> _Prompt_:
In the records that follow, find the line containing "cover image of God-Chosen Pigs" and the line containing "Máquina de coser Brother XL 5500", then transcribe both and every line between them exactly, omitting pictures.

> _Dataset excerpts_:
========================================================================

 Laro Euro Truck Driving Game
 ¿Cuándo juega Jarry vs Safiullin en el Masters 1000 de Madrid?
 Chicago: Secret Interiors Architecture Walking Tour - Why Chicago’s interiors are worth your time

========================================================================

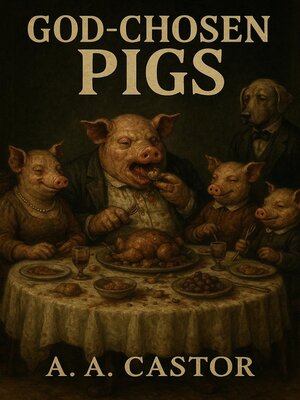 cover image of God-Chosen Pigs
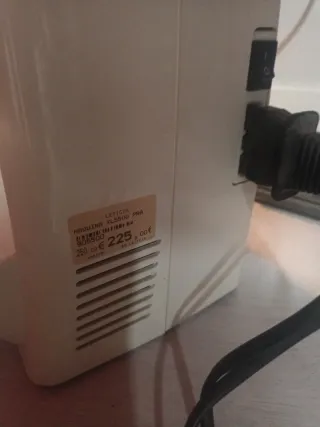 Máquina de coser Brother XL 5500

========================================================================

> _Final answer_:
 cover image of God-Chosen Pigs
 Máquina de coser Brother XL 5500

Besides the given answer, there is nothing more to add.